Open "Files" and press CTRL-H to display hidden files and press Home in the left hand column Navigate to the ~/.config/autostart

You should see a file like "Custom Command", open this in "Scratch" by right clicking and selecting Open With. (select Other Application if necessary) You should see a line that says Exec=/usr/local/bin/mouse_detect.sh if you are in the right file.

Add the following line line to the file:

X-GNOME-Autostart-Delay=30

You can also enter a custom name for the desktop file in the "Name" field and a custom comment in the "Comment" field.
Note: I had to remove the [en_CA] from my Name[en_CA] field for the name change to be visible in "Files". You might have to do the same if you live outside the US.

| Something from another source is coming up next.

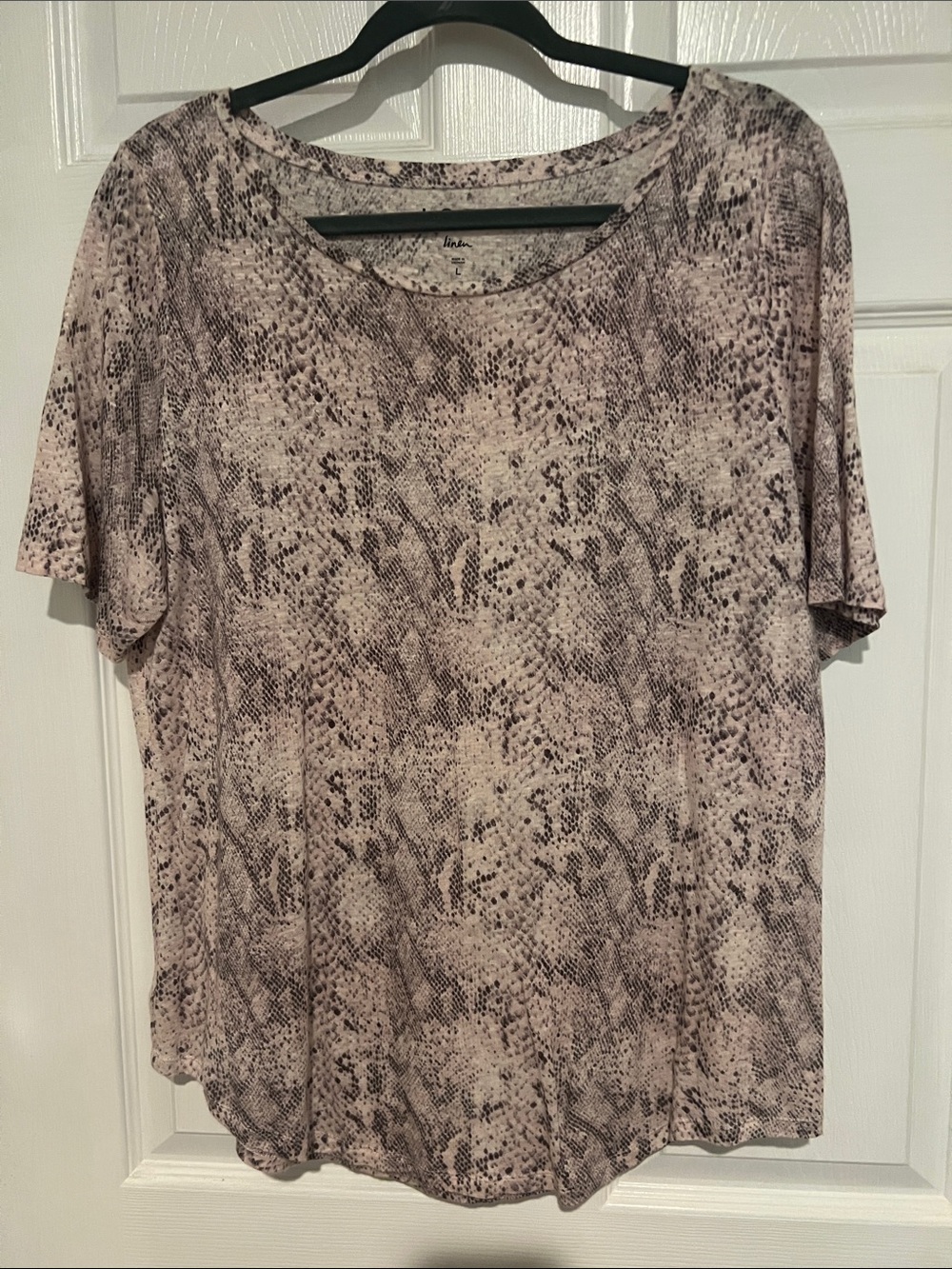 LOFT Short Sleeve Snake Print Top in Beige and Gray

If you go back to your startup applications, your custom Name and Comment should be visible and you can enable or disable the autorun of this script on startup by clicking on the toggle to the right of it.

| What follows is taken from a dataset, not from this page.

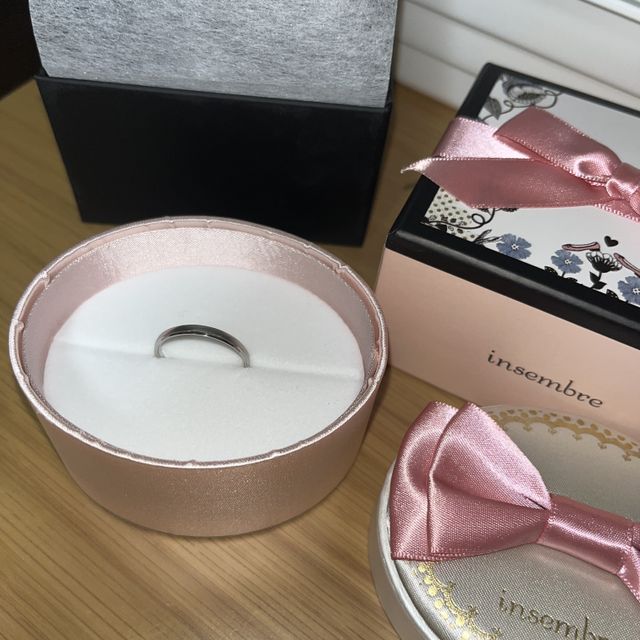 【insembre(インセンブレ)の口コミ】 嫁と二人で見に行って、直感的に気に入ったことと、非常にシンプルなデザ…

That should do it. If the startup script detects other wireless devices as a mouse and disables your touchpad when it shouldn't you can try changing the contents of the mouse_detect.sh file to:

#!/bin/bash
lista=`xinput list | grep -i 'mouse'`

if [ ${#lista} -eq 0 ]; then
    exec `xinput enable SynPS/2\ Synaptics\ TouchPad`
    notify-send "No USB Mouse Detected" "Your Touchpad is Active"
else
    exec `xinput disable SynPS/2\ Synaptics\ TouchPad`
    notify-send "USB Mouse Detected" "Your Touchpad is Disabled"

fi

* Replace SynPS/2\ Synaptics\ TouchPad with the name of your touchpad placing backslashes (\) in front of each space in the name *

This has less chance of detecting wireless mice though, so only use it if the first one does not work for you.